Lava-lhes imediatamente as mãos com um sabão forte e água quente. Depois, liga ao pediatra. A raiva é rara, mas é real e é fatal. Não precisas de entrar em pânico, mas também não podes simplesmente ignorar. Se o animal tiver rompido a pele, é muito provável que tenhas de fazer uma viagem às urgências. Não tentes capturar o animal para o testar, deixa apenas os médicos dizerem-te qual é o protocolo local.

A recolha de animais pode vir retirá-lo do meu quintal?

Podes ligar para lá, mas provavelmente só se vão rir de ti. A maioria dos serviços de recolha animal municipais apenas lida com cães e gatos domésticos. Deixam a vida selvagem em paz, a não ser que esteja a atacar ativamente alguém ou a apresentar sinais de raiva. Dir-te-ão exatamente o mesmo que eu. Fica dentro de casa e espera que se vá embora.

Como se distingue um lince-pardo de um gato vadio normal?

É surpreendentemente fácil quando nos aproximamos, algo que não deves fazer. Parecem gatos domésticos em esteroides. Têm caudas muito curtinhas que parece que foram cortadas. As patas são enormes, como se usassem raquetes de neve. As orelhas têm tufos pretos distintos nas pontas e manchas brancas proeminentes na parte de trás. Têm um aspeto muito denso e musculado, mesmo enquanto crias.

Um lince-pardo adulto pode atacar a minha criança pequena?

Normalmente, têm pavor dos humanos e fogem assim que ouvem o teu filho a gritar no quintal. Mas se encurralares uma mãe com a sua ninhada, ou se o animal estiver doente, vai ripostar. São predadores. Têm garras e dentes concebidos para estraçalhar coelhos. Mantém os teus filhos longe dos arbustos nos limites do teu terreno.

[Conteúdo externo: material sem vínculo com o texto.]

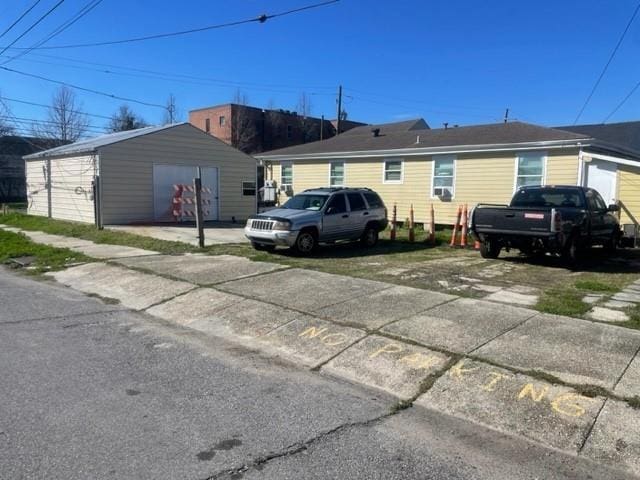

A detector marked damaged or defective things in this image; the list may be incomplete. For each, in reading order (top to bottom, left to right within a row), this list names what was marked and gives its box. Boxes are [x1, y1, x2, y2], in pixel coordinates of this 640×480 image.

É ilegal ficar com ele se estiver mesmo abandonado?

Na maioria dos sítios, sim. É totalmente ilegal abrigar animais selvagens nativos sem uma licença específica de reabilitação do departamento de conservação da natureza. Podes ser punido com multas gigantescas. Se acreditas genuinamente que a mãe está morta, tens de ligar para um reabilitador de vida selvagem credenciado para vir buscá-lo. Não o podes criar na casa de banho das visitas.